For Windows CMD users, run commnad in toggle
pf run visualize --name "%base_run_name%0,%eval_run_name%0,base_run_name%1,%eval_run_name%1,base_run_name%2,%eval_run_name%2"

Click the HTML link, to get the experiment results. Click on column in the Output table will allow you to view the snapshot of each line.

The snapshot of chat flow: Visualization chat flow

The snapshot of evaluation flow: Visualization eval flow

Excellent! Now you can compare their performances and token costs, and choose the prompt that best suits your needs. We can see that variant_1 and variant_2 have the same accuracy, but variant_1 has a lower token cost (only 2 few shots rather than the 6 in in variant_2). So variant_1 is the best choice for the quality and cost balance.

Conclusion

Great! Now you can compare their performances and token costs to choose the prompt that best suits your needs. Upon comparison, we can observe that variant_1 and variant_2 have the similar accuracy. However, variant_1 stands out as the better choice due to its lower token cost (2 few-shots vs. 6 few-shots).

comparison result

It is evident that adding more CoT examples in the prompt does not necessarily improve the accuracy further. Instead, we should identify the optimal point where the number of shots maximizes accuracy while minimizing cost.

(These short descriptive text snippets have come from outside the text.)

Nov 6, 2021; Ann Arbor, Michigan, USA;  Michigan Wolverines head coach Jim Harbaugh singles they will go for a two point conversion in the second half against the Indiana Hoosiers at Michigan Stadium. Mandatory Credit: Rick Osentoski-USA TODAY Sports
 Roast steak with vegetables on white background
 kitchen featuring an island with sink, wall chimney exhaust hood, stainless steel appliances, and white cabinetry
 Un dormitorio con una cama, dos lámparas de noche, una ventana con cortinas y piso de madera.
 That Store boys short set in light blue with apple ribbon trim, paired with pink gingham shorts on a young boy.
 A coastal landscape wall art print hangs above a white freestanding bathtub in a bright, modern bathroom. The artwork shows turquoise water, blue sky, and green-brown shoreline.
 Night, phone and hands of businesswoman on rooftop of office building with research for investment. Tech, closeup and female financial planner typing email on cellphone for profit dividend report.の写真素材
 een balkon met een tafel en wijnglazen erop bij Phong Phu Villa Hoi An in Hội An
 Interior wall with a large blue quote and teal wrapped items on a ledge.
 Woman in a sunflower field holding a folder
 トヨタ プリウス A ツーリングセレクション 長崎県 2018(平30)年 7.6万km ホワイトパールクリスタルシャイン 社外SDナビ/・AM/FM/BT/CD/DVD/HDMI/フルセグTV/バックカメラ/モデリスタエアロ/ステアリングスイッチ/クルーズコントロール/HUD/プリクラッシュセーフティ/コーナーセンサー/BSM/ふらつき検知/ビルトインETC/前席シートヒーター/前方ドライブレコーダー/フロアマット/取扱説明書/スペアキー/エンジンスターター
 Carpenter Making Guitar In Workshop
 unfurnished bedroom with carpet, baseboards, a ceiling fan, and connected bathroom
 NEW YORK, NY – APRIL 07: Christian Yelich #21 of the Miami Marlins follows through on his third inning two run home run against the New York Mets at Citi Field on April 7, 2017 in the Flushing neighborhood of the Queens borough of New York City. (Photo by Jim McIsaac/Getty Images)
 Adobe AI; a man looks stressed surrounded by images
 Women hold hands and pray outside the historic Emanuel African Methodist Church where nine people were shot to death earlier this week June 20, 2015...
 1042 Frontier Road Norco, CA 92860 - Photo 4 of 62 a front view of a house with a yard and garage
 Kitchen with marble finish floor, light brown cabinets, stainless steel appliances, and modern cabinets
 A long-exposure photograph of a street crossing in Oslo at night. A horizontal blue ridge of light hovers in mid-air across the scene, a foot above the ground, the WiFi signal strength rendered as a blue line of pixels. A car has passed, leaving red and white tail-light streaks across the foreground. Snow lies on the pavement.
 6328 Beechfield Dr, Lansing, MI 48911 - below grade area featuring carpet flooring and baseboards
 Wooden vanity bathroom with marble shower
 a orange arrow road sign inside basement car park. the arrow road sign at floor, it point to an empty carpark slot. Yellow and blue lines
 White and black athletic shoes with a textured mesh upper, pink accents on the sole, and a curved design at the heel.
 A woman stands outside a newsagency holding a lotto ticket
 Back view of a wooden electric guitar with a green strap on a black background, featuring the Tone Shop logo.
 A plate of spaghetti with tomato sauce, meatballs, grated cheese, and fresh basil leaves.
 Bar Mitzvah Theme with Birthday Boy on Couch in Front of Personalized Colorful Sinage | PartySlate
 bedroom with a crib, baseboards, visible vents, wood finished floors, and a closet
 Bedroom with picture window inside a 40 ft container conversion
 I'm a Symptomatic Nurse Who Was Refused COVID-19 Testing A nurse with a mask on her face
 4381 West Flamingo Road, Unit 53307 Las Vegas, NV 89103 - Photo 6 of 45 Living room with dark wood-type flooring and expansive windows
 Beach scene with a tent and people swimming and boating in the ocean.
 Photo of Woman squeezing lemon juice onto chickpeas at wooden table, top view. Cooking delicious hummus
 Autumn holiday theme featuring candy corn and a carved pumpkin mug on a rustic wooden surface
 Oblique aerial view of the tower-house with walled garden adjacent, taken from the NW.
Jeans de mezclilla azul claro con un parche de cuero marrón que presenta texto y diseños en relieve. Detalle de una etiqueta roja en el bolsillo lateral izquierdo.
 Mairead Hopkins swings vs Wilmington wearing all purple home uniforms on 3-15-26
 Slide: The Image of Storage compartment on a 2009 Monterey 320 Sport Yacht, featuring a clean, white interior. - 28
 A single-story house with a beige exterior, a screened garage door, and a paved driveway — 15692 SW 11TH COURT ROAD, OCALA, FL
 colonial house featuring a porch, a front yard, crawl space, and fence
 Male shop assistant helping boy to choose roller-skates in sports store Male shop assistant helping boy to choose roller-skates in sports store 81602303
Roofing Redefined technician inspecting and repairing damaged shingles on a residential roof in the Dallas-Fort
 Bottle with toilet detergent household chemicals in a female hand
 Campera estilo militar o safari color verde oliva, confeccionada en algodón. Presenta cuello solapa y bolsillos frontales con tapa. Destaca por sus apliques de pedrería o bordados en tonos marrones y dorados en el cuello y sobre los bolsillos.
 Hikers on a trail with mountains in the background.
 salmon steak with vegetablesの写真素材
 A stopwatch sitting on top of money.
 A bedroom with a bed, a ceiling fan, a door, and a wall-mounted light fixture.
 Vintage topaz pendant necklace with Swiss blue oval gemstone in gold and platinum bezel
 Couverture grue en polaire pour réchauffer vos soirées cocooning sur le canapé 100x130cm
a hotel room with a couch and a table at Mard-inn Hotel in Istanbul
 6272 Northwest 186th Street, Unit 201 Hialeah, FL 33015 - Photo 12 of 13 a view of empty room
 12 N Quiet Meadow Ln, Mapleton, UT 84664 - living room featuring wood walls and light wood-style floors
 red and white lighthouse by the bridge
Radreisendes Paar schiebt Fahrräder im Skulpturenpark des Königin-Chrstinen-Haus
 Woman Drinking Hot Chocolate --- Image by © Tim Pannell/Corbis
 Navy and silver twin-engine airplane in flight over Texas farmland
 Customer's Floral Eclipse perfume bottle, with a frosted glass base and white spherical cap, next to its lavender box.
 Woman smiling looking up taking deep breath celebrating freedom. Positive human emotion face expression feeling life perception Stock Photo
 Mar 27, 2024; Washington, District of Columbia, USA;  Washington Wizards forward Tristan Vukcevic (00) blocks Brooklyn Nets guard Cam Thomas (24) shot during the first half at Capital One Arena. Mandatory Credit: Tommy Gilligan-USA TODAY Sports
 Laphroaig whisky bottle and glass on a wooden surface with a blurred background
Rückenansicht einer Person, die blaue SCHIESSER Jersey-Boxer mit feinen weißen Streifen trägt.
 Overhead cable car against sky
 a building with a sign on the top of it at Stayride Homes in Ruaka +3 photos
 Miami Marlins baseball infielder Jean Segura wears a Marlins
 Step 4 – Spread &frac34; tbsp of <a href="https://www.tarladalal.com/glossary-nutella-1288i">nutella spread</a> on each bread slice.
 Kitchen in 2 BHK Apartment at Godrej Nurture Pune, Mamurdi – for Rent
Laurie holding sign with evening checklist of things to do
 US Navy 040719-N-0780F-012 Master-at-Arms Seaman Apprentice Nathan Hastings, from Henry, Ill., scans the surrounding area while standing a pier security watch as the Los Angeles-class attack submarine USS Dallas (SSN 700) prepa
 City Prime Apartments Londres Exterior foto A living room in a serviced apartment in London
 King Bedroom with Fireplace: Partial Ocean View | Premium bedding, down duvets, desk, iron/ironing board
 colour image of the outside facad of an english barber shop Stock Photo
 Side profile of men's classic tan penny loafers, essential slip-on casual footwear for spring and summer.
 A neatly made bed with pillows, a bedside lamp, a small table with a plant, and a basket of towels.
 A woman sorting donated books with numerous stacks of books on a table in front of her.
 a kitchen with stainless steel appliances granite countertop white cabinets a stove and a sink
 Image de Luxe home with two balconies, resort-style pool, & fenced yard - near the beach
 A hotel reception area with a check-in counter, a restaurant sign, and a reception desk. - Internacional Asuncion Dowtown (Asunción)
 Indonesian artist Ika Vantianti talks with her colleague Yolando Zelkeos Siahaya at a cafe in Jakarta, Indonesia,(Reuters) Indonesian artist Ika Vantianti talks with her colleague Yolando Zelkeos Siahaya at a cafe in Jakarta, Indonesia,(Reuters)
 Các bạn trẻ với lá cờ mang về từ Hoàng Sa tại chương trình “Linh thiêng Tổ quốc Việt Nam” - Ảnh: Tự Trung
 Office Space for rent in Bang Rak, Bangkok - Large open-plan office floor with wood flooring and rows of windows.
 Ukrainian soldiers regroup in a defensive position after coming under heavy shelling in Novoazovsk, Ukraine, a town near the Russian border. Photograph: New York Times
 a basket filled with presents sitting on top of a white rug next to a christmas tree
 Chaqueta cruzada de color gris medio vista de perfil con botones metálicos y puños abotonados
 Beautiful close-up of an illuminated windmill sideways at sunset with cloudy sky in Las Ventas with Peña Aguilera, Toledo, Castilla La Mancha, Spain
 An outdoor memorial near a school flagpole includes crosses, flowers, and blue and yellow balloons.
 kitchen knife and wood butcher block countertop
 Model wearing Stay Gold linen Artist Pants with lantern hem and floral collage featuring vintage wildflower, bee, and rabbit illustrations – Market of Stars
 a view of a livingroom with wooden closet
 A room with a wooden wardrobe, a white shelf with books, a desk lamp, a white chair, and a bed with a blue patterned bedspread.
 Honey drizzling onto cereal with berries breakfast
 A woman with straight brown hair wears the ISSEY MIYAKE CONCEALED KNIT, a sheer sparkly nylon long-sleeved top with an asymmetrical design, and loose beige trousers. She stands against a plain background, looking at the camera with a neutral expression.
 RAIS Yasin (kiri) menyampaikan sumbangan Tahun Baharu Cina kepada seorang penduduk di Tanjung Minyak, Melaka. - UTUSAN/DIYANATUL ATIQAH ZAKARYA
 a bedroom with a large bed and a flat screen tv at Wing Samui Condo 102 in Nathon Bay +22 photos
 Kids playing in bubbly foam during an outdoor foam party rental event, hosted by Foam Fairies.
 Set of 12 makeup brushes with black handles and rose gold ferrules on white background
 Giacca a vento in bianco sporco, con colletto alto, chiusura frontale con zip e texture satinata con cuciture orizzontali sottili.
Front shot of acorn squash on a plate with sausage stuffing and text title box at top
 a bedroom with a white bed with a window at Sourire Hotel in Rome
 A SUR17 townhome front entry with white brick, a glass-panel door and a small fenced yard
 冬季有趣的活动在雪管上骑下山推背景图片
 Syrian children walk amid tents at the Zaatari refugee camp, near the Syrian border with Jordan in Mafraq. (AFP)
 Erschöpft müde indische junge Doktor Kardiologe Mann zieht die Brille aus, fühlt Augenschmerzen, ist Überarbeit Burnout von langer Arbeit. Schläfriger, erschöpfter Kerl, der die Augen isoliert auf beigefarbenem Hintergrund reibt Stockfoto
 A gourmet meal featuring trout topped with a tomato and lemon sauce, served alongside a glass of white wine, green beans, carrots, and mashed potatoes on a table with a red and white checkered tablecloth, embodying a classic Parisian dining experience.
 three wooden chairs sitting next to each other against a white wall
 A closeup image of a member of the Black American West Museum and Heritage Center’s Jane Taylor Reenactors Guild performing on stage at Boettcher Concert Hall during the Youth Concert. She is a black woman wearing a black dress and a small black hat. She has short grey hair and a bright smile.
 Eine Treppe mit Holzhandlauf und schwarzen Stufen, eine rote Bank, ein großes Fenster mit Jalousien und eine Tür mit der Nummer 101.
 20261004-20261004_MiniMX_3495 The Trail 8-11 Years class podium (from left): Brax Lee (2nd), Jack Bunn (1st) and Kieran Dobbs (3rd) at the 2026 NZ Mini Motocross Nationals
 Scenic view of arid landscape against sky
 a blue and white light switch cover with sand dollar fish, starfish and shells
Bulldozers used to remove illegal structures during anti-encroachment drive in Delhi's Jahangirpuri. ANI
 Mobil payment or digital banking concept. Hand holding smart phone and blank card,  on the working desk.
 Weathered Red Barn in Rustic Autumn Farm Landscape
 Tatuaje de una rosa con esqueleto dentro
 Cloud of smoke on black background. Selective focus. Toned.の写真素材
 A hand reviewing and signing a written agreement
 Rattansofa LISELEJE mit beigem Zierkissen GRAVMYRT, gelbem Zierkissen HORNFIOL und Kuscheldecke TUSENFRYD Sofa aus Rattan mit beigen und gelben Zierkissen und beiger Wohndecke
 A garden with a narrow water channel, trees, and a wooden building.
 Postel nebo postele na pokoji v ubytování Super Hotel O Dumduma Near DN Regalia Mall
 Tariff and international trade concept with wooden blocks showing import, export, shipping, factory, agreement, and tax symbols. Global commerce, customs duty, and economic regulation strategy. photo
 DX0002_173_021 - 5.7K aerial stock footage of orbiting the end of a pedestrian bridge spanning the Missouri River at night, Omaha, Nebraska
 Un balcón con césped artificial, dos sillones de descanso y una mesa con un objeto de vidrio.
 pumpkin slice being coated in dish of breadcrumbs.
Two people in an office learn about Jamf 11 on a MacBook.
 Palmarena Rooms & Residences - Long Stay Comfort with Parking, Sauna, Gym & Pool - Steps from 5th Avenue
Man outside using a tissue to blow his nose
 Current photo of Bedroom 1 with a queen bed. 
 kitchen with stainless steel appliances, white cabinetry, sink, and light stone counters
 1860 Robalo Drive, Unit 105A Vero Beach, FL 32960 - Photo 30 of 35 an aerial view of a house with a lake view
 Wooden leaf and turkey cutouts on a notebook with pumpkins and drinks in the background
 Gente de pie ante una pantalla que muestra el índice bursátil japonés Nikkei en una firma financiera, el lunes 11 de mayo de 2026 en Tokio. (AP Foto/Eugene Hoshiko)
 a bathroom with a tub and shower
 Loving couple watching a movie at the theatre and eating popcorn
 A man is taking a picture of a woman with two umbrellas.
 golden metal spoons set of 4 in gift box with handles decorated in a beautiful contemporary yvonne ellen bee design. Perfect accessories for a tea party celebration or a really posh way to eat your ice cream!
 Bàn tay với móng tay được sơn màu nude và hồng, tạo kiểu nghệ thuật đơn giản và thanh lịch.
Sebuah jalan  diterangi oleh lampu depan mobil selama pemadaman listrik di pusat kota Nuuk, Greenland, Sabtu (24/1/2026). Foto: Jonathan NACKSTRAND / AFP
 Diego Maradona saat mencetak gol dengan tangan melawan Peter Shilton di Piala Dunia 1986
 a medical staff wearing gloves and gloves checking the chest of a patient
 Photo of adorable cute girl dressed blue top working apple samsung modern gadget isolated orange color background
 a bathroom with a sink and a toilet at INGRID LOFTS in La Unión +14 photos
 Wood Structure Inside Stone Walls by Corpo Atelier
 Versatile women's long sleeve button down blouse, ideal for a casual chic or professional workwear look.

Just in a few steps, we identified that variant_1 strikes the ideal balance between quality and cost! This is where the value of prompt tuning and evaluation using prompt flow becomes apparent. With prompt flow, you can easily test and evaluate different prompt variants, enabling you to facilitate high quality LLM-native apps to production.